Decapitate Militancy and Rehabilitate People in FATA

The weekly pager from Center for Research and Security Studies makes a sobering reading


Perception of the locals: Let’s face the ground reality: Up until a few weeks ago, a large segment of population residing in Pakistan’s tribal areas believed that the government as well as Pakistan’s armed forces were running with the hare and hunting with the hounds. It appears that the perception – as a consequence of the renewed and a vigorous military operation – is now changing both in Bajaur Agency and Swat. To be certain, the Pakistani government and the military need to do a lot more to rectify this perception and that requires the continuity of the operation, rehabilitation of and assistance of the Internally Displaced Persons (IDPs) and ensuring law and order in the FATA.

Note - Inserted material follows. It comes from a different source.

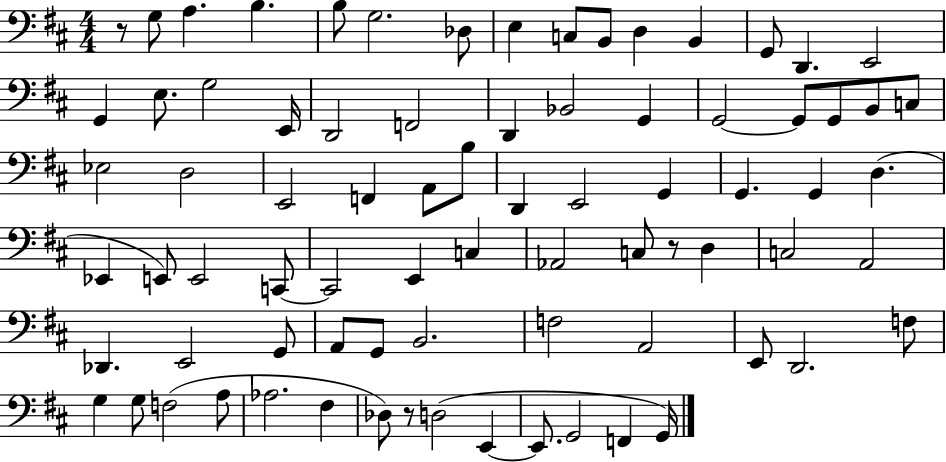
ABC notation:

 Local tribesmen have seen the policy of the Pakistani government oscillating between confrontation and cooption; hence the apprehension. Some tribesmen have also suffered first-hand at the hands of the militants for cooperating with the security forces during the military operations. This would usually happen after the government would conclude generous peace agreements with the militants after the military operations leaving the militants as the main power-brokers in the area and the tribesmen at their mercy.


Miseries of noncombatants: The other aspect of past military operations against the pro-Taliban militants (or local militants) has been the use of air-power as the operation’s centerpiece. This approach had further compounded the miseries of the non-militant tribal folks of FATA. Past and present military operations have resulted in large numbers of IDPs – mostly noncombatant civilians including large numbers of women, children, and the elderly. Among the IDPs, there’s a very strong fear that they might find the same Taliban in control of the area upon their return to their homes.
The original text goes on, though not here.